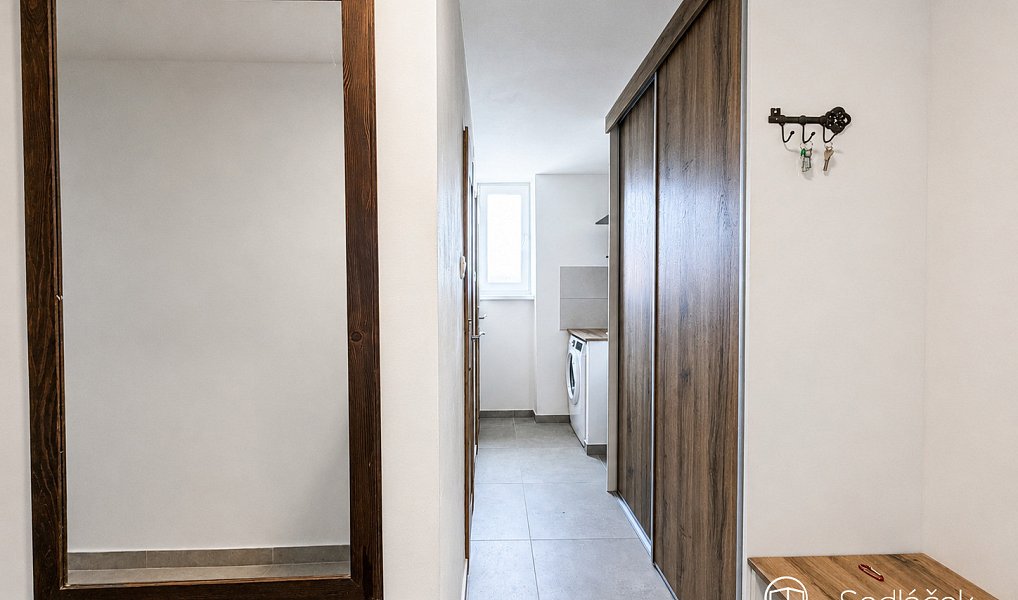 Pronájem bytu 2+1 60 m², Sokolov – náhled fotky 8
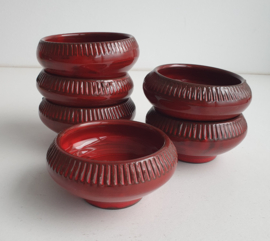 VINTAGE BAKJES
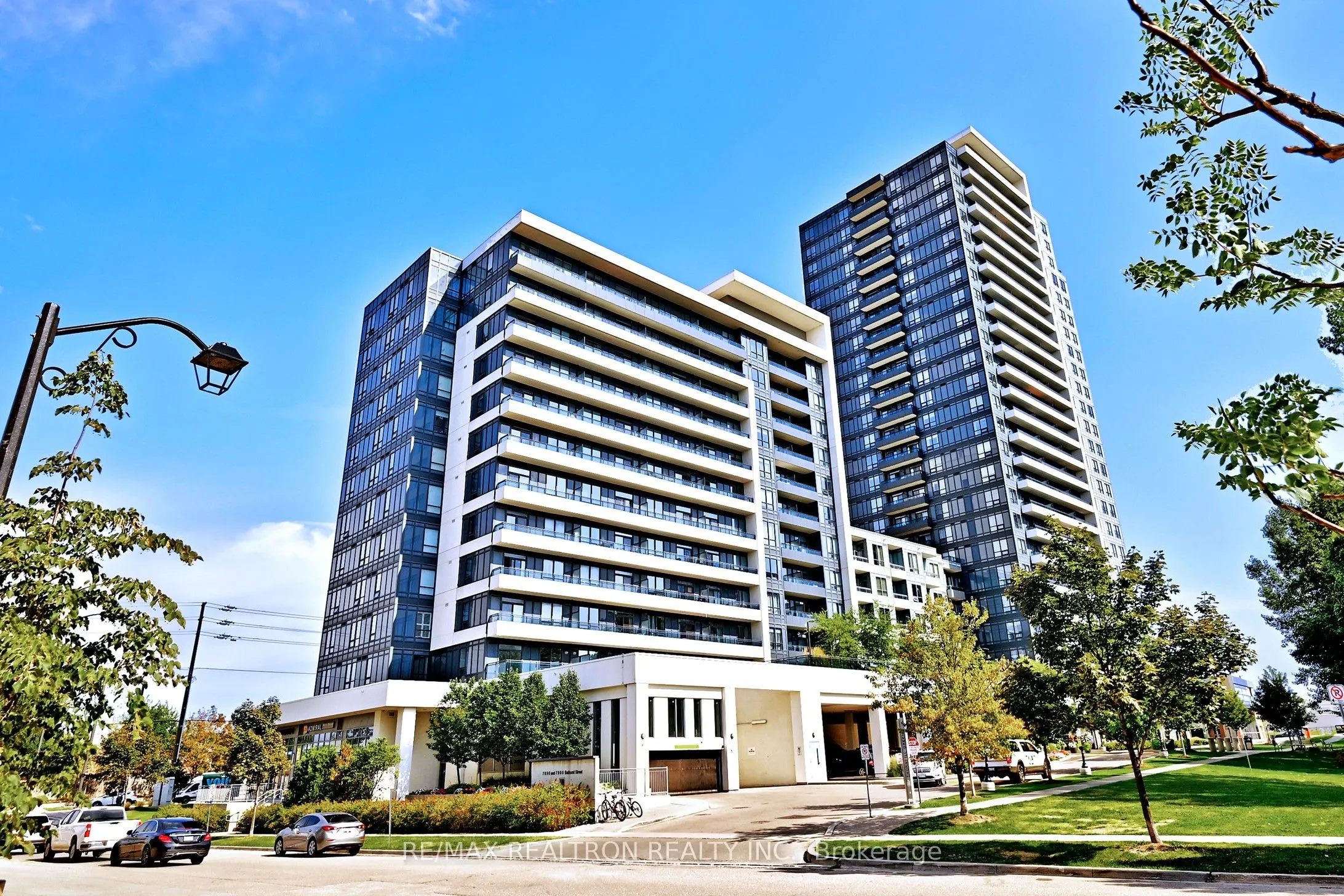 7900 Bathurst Street #1122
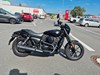 Harley-Davidson Street 750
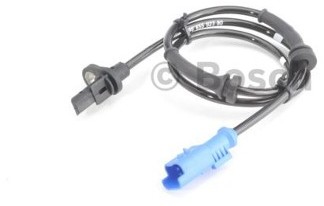 BOSCH Czujnik, prędkosć obrotowa koła 0 265 008 485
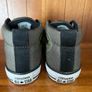 Converses Hi Tops Padded Collar UK2.5/EU35. Image 3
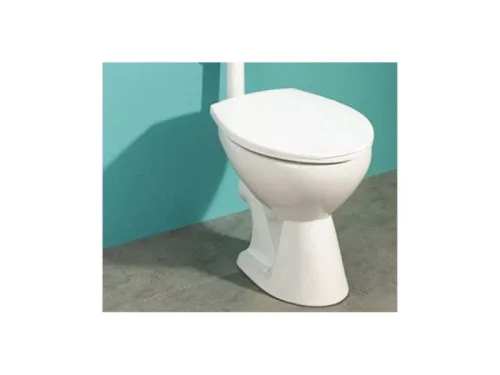 Wc rögzítő készlet AZ8 SKS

TASK:
Write out, please, the lines of the listing above from the one with "7900 Bathurst Street #1122" through the very last, exactly as given and with no pictures.

OUTPUT BELOW:
 7900 Bathurst Street #1122
 Harley-Davidson Street 750
 BOSCH Czujnik, prędkosć obrotowa koła 0 265 008 485
 Converses Hi Tops Padded Collar UK2.5/EU35. Image 3
 Wc rögzítő készlet AZ8 SKS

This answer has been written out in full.